> [SOURCE MATERIAL]
──────────

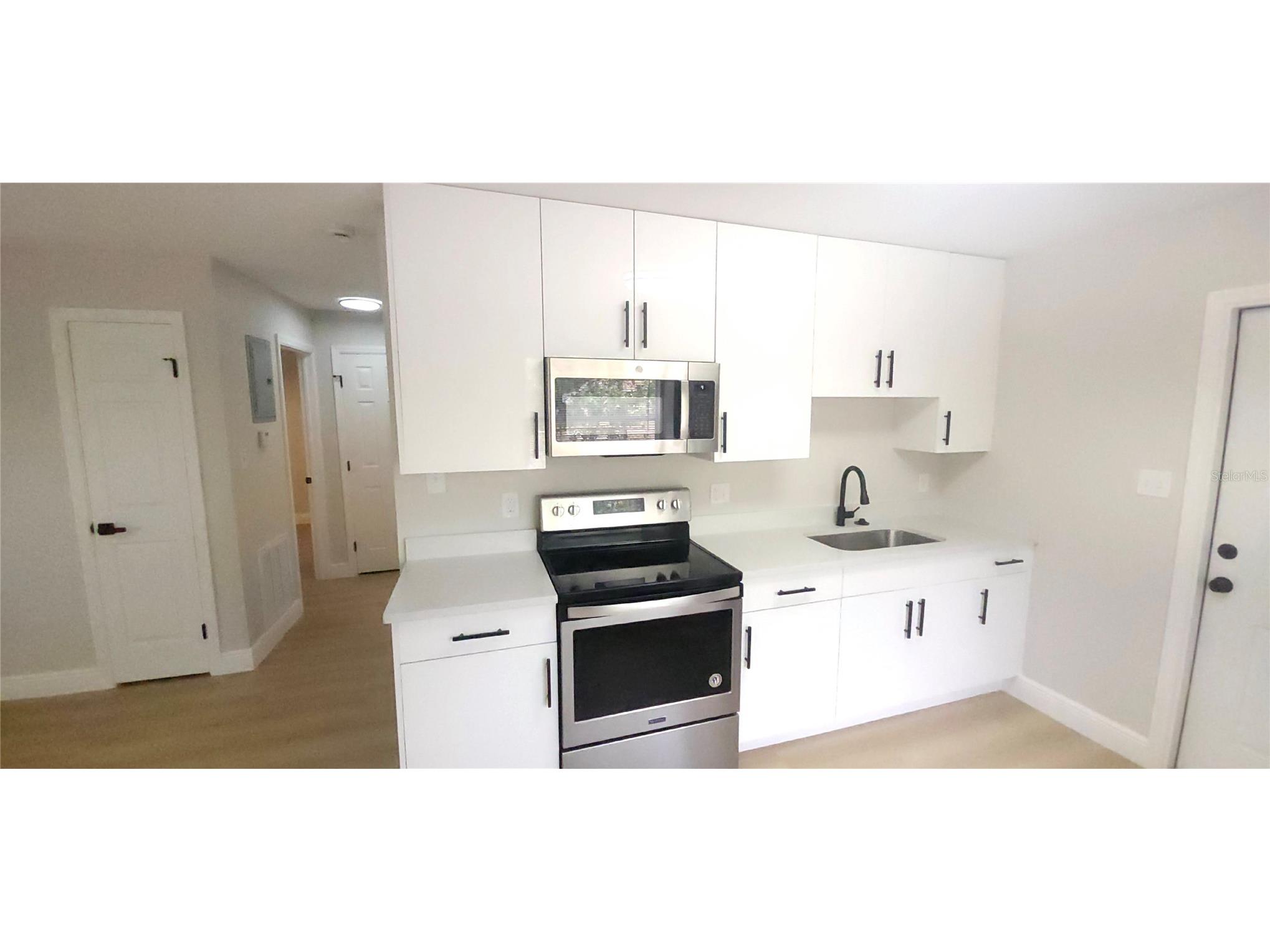 901 S Taylor Road Seffner FL 33584 TB8505287 image4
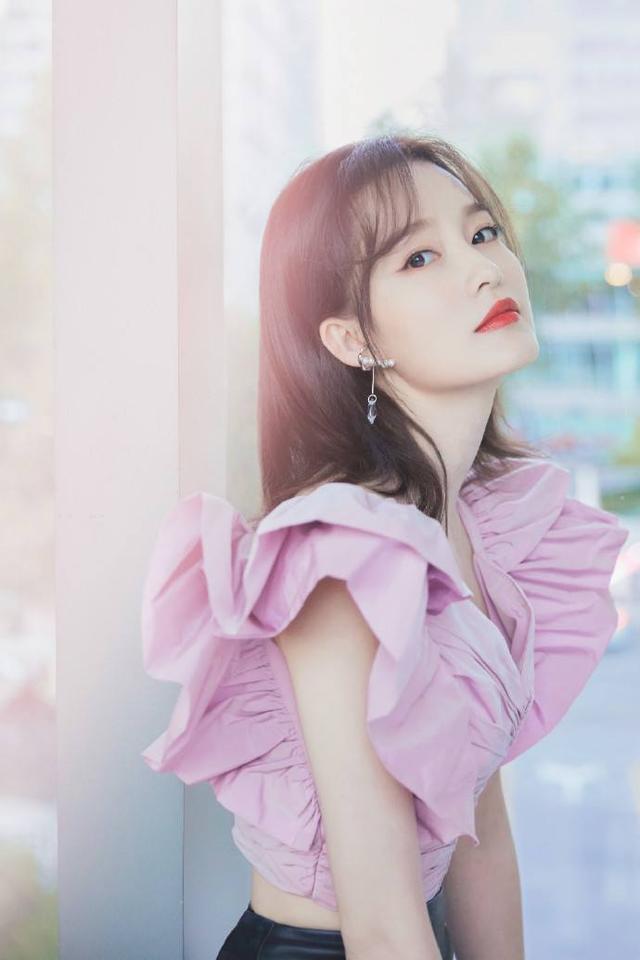 “笨蛋美人”李沁：与杨洋合影十指紧扣，被王大陆冒犯却不敢反抗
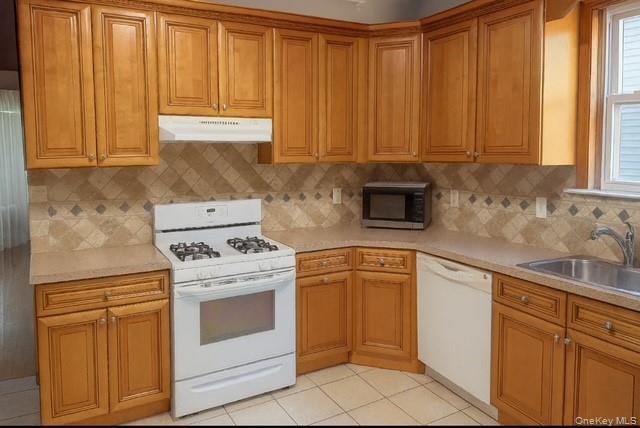 42 Hill Terrace, Yonkers, NY 10701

──────────

> [EXERCISE REQUIREMENTS]
Repeat the material above word for word; no images go in the copy.

> [RESPONSE BOX]
 901 S Taylor Road Seffner FL 33584 TB8505287 image4
 “笨蛋美人”李沁：与杨洋合影十指紧扣，被王大陆冒犯却不敢反抗
 42 Hill Terrace, Yonkers, NY 10701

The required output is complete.